Another example aspect of the present disclosure is directed to a method for producing high-pressure oxygen in an electrolyzer. The method includes reducing, by a pressure reducer, pressure of water upstream of an electrolyzer, the electrolyzer configured to generate a water-oxygen mixture from the water. The method further includes increasing, by a post-stack pump, pressure of the water-oxygen mixture downstream of the electrolyzer.
Another example aspect of the present disclosure is directed to a fluid circuit for an electrolyzer system. The fluid circuit includes a water storage tank configured to store water. The fluid circuit further includes an electrolyzer in fluid communication with the water storage tank, the electrolyzer configured to generate a water-oxygen mixture from the water. The electrolyzer is pressure isolated from the water storage tank through one or more controllable pressure isolating components.
These and other features, aspects and advantages of various embodiments will become better understood with reference to the following description and appended claims. The accompanying drawings, which are incorporated in and constitute a part of this specification, illustrate embodiments of the present disclosure and, together with the description, serve to explain the related principles.
Detailed discussion of embodiments directed to one of ordinary skill in the art are set forth in the specification, which makes reference to the appended figures, in which:
Reference now will be made in detail to embodiments, one or more examples of which are illustrated in the drawings. Each example is provided by way of explanation of the embodiments, not limitation of the present disclosure. In fact, it will be apparent to those skilled in the art that various modifications and variations can be made to the embodiments without departing from the scope or spirit of the present disclosure. For instance, features illustrated or described as part of one embodiment can be used with another embodiment to yield a still further embodiment. Thus, it is intended that aspects of the present disclosure cover such modifications and variations. As used herein, the use of the term “about” in conjunction with a numerical value is intended to refer to within 10% of the numerical value. As used herein, the terms “upstream” and “downstream” are used to specify a position along a flow path relative to a component in reference to the flow direction of a fluid. Specifically, the term “downstream” refers to a position located apart from a component along the flow path in the direction the fluid is flowing while the term “upstream” refers to a position that is located apart from the component along the flow path in a direction that is opposite the direction the fluid is flowing.

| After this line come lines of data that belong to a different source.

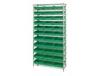 CHROME WIRE SHELVING UNITS WITH SHELF BINS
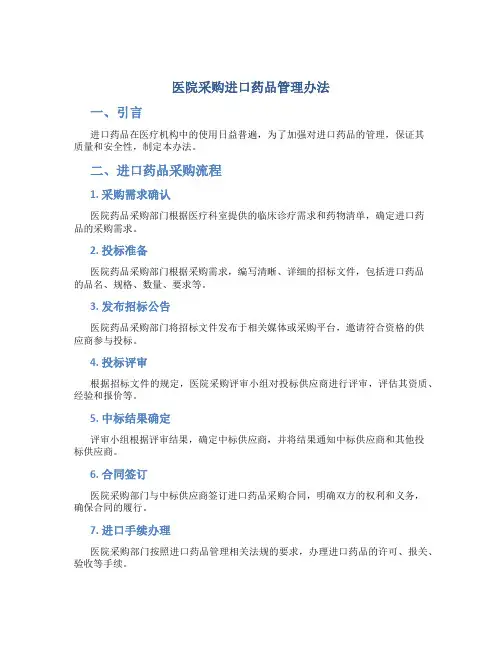 医院采购进口药品管理办法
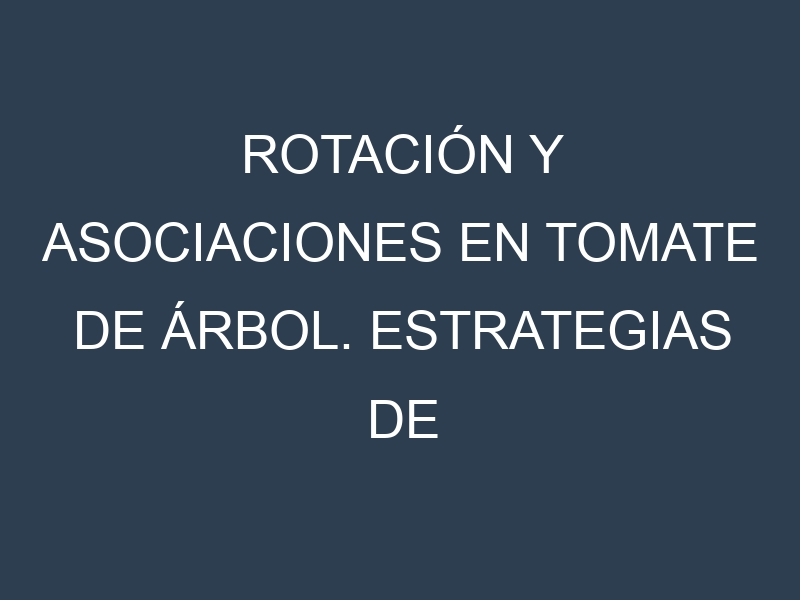 Rotación y Asociaciones en Tomate de árbol. Estrategias de rotación y Beneficios de las asociaciones de cultivos.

Example aspects of the present disclosure are directed to an electrolyzer system with a high oxygen output pressure. Electrolyzer systems produce oxygen (e.g., oxygen gas) from liquid water (e.g., H2O) through the process of electrolysis. A high oxygen output pressure from the electrolyzer system may be advantageous to downstream application possibilities such as gas treatment, chemical or physical processes, or simply the storage of oxygen. In addition, the compression of the oxygen at subsequent processes may be reduced or rendered obsolete.
In some instances, the output pressure of the oxygen produced by an electrolyzer system is limited by pressure-sensitive components (e.g., electrolyzer stack) within the electrolyzer system that may be configured to operate within a set pressure range. Accordingly, a way of increasing the output pressure of the electrolyzer system while keeping pressure-sensitive components (e.g., electrolyzer stack) within an acceptable pressure range would be beneficial.

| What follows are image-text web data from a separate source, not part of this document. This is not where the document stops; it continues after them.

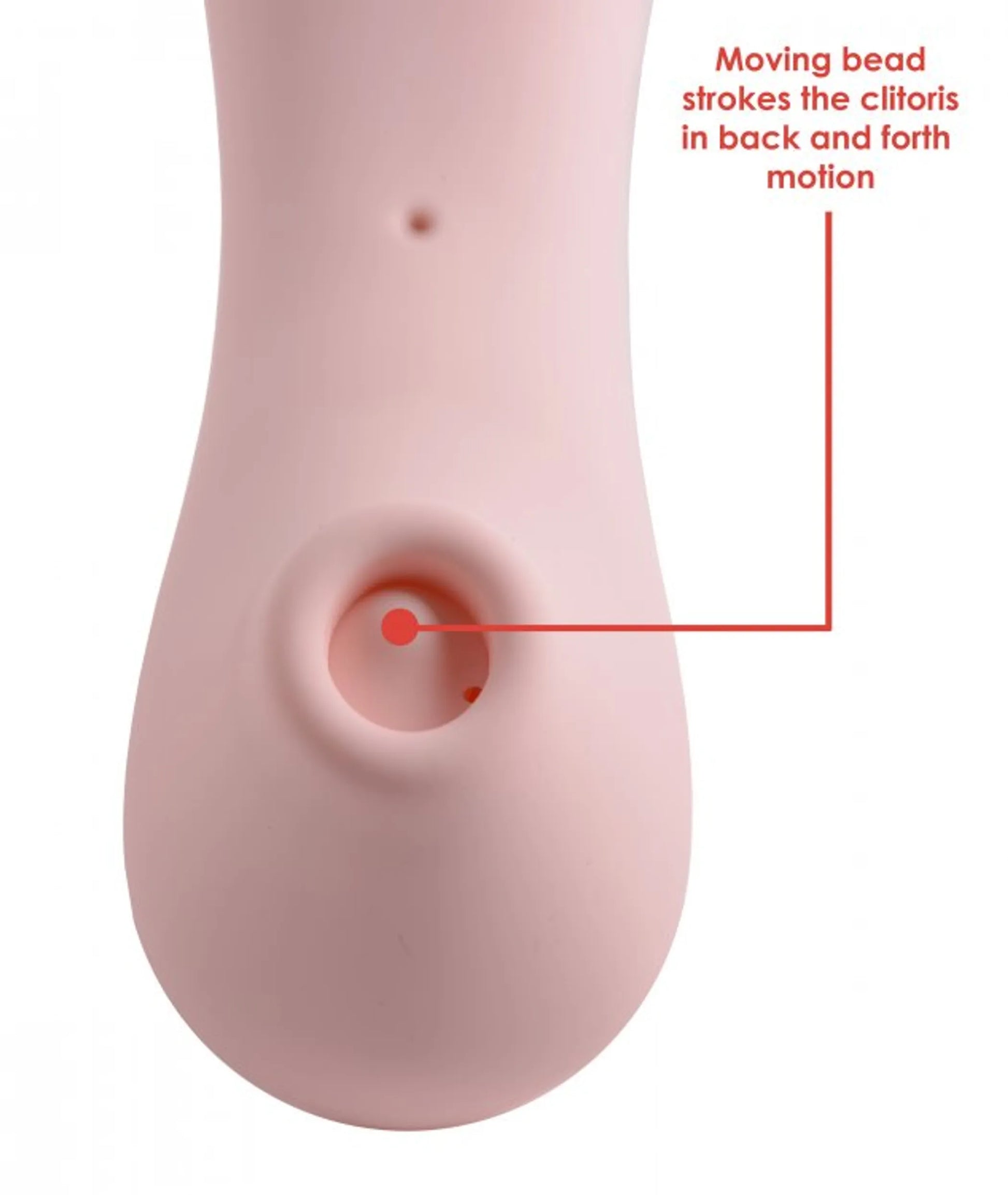Inmi Shegasm Tickling Clit Stimulator with suction by XR Brands, close-up detail view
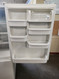 MAYTAG 19 CUBIC FOOT REFRIGERATOR WITH BOTTOM FREEZER ADJUSTABLE GLASS SHELVES 2 CRISPER DRAWERS 1 DELI DRAWER SWING OPEN FREEZER DOOR WHITE LOCATED IN OUR PORTLAND OREGON APPLIANCE STORE SKU 19254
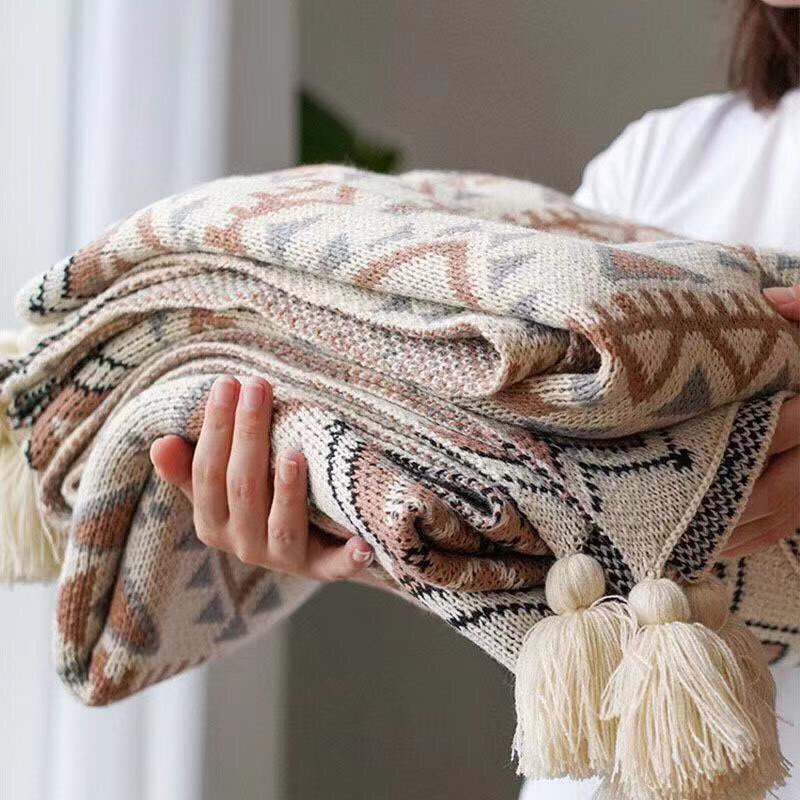 Chăn mềm nhập khẩu CAO CẤP, Chăn phủ sofa, Chăn cắm trại ngoài trời, Thảm thổ cẩm phong cách Bohemian dệt kim giữ ấm toàn thân đa chức năng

Aspects of the present disclosure provide an electrolyzer system that may increase the output pressure of the electrolyzer system while keeping pressure-sensitive components (e.g., electrolyzer stack) within an acceptable pressure range.
Example aspects of the present disclosure provide a number of technical effects and benefits. For instance, many electrolyzer systems may have a maximum oxygen output pressure that is limited by pressure-sensitive components such as the electrolyzer stack. The electrolyzer system of the present disclosure allows for pressure-sensitive components to be pressure isolated from the rest of the system, allowing for a significantly higher pressure in the part of the system outputting the oxygen to downstream applications, such as treatment applications (e.g., sewage treatment applications).
Referring now to the figures, example aspects of the present disclosure will be discussed in greater detail.
The electrolyzer system 100 may also include an electrolyzer stack 140 (e.g., electrolyzer). In some embodiments, electrolyzer stack 140 may be a Proton Exchange Membrane (PEM) electrolyzer stack. In other embodiments, electrolyzer stack 140 may be an Alkaline electrolyzer stack. Those skilled in the art will understand that any suitable electrolyzer stack or electrolyzer chemistries may be used without deviating from the scope of the present disclosure. The electrolyzer stack 140 is in fluid communication with the water storage tank 110. The electrolyzer stack 140 is configured to generate a water-oxygen mixture from liquid water. Specifically, the electrolyzer stack 140 receives liquid water at stack inlet 140.1 and produces the water-oxygen mixture downstream via stack outlet 140.2. In some embodiments, electrolyzer stack 140 may further generate hydrogen (e.g., H2 molecules) from the liquid water to be output via stack outlet 140.3 to a downstream system to be used, for example, as hydrogen fuel.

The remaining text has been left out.